TASK REQUIREMENTS: Reproduce exactly the run of lines that begins with the one containing "Vinilo infantil para" and ends with the last line of the records, omitting pictures.

(Crawled caption data)
--- START ---

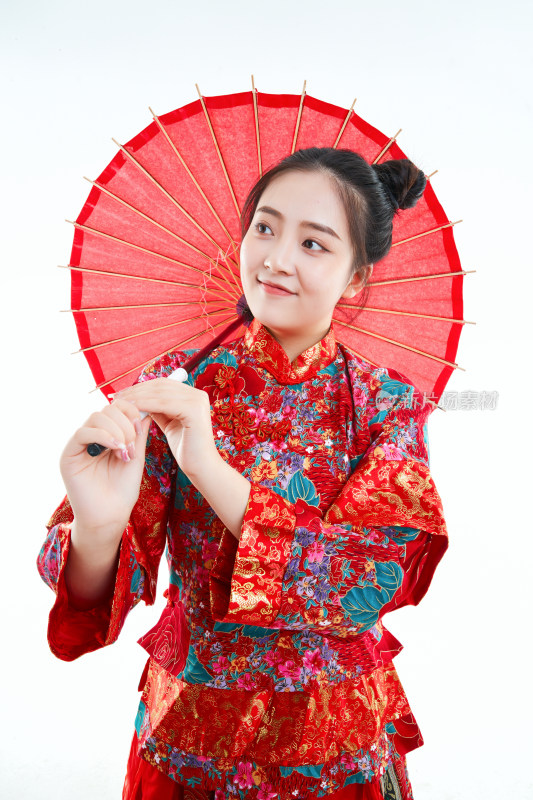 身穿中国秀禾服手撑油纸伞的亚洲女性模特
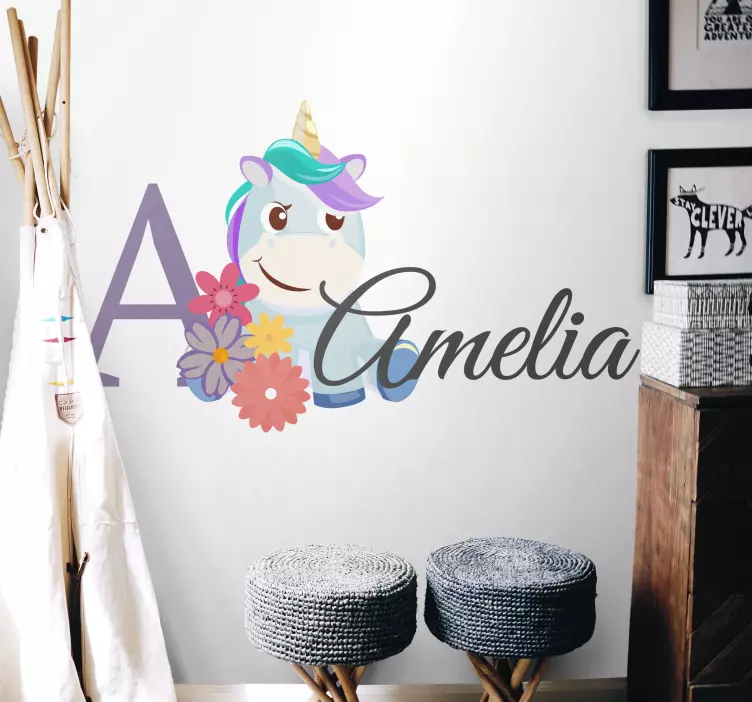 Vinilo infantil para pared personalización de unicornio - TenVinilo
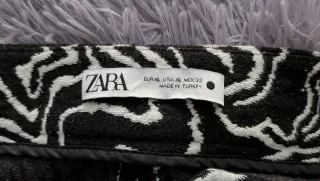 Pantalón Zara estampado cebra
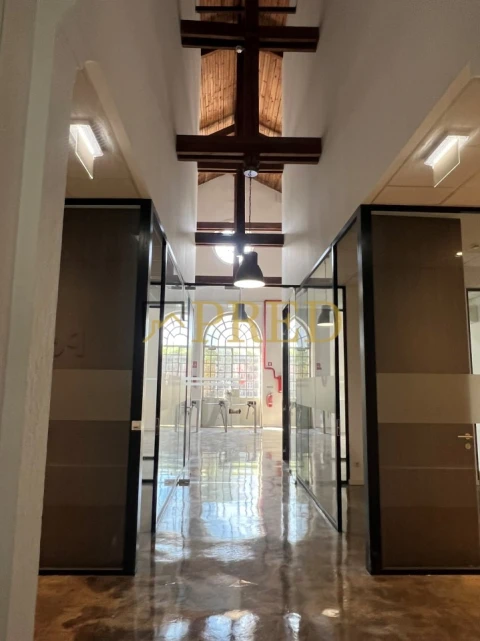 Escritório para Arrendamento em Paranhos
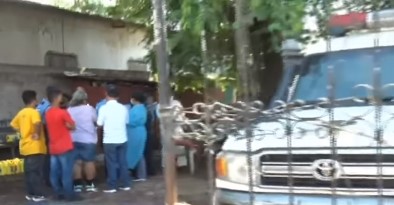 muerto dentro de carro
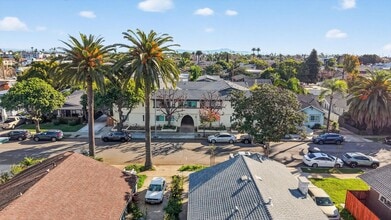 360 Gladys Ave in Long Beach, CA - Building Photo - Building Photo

--- END ---

FINISHED TASK:
 Vinilo infantil para pared personalización de unicornio - TenVinilo
 Pantalón Zara estampado cebra
 Escritório para Arrendamento em Paranhos
 muerto dentro de carro
 360 Gladys Ave in Long Beach, CA - Building Photo - Building Photo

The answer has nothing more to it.